#### Exercise materials
****************
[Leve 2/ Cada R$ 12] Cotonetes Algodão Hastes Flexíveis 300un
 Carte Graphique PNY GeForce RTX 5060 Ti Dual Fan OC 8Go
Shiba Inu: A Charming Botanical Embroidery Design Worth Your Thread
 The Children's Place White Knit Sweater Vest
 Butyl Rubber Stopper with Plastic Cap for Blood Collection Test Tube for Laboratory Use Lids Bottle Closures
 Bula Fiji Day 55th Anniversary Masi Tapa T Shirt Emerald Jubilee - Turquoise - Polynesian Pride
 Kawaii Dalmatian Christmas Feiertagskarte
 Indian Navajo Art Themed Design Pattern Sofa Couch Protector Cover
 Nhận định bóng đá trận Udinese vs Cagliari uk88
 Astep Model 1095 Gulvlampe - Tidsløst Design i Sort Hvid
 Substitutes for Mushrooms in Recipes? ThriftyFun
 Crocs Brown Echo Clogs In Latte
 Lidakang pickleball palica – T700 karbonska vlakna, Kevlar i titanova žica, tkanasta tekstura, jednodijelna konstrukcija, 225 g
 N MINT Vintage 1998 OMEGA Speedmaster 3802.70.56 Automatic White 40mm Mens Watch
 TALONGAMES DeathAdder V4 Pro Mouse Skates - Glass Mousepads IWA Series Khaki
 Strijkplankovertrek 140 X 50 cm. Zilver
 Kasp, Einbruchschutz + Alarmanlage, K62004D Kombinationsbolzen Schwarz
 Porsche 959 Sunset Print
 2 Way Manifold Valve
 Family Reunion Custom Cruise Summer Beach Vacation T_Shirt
****************
#### Work to complete
Retyping every line above exactly is all that is needed.

#### Result of this task
[Leve 2/ Cada R$ 12] Cotonetes Algodão Hastes Flexíveis 300un
 Carte Graphique PNY GeForce RTX 5060 Ti Dual Fan OC 8Go
Shiba Inu: A Charming Botanical Embroidery Design Worth Your Thread
 The Children's Place White Knit Sweater Vest
 Butyl Rubber Stopper with Plastic Cap for Blood Collection Test Tube for Laboratory Use Lids Bottle Closures
 Bula Fiji Day 55th Anniversary Masi Tapa T Shirt Emerald Jubilee - Turquoise - Polynesian Pride
 Kawaii Dalmatian Christmas Feiertagskarte
 Indian Navajo Art Themed Design Pattern Sofa Couch Protector Cover
 Nhận định bóng đá trận Udinese vs Cagliari uk88
 Astep Model 1095 Gulvlampe - Tidsløst Design i Sort Hvid
 Substitutes for Mushrooms in Recipes? ThriftyFun
 Crocs Brown Echo Clogs In Latte
 Lidakang pickleball palica – T700 karbonska vlakna, Kevlar i titanova žica, tkanasta tekstura, jednodijelna konstrukcija, 225 g
 N MINT Vintage 1998 OMEGA Speedmaster 3802.70.56 Automatic White 40mm Mens Watch
 TALONGAMES DeathAdder V4 Pro Mouse Skates - Glass Mousepads IWA Series Khaki
 Strijkplankovertrek 140 X 50 cm. Zilver
 Kasp, Einbruchschutz + Alarmanlage, K62004D Kombinationsbolzen Schwarz
 Porsche 959 Sunset Print
 2 Way Manifold Valve
 Family Reunion Custom Cruise Summer Beach Vacation T_Shirt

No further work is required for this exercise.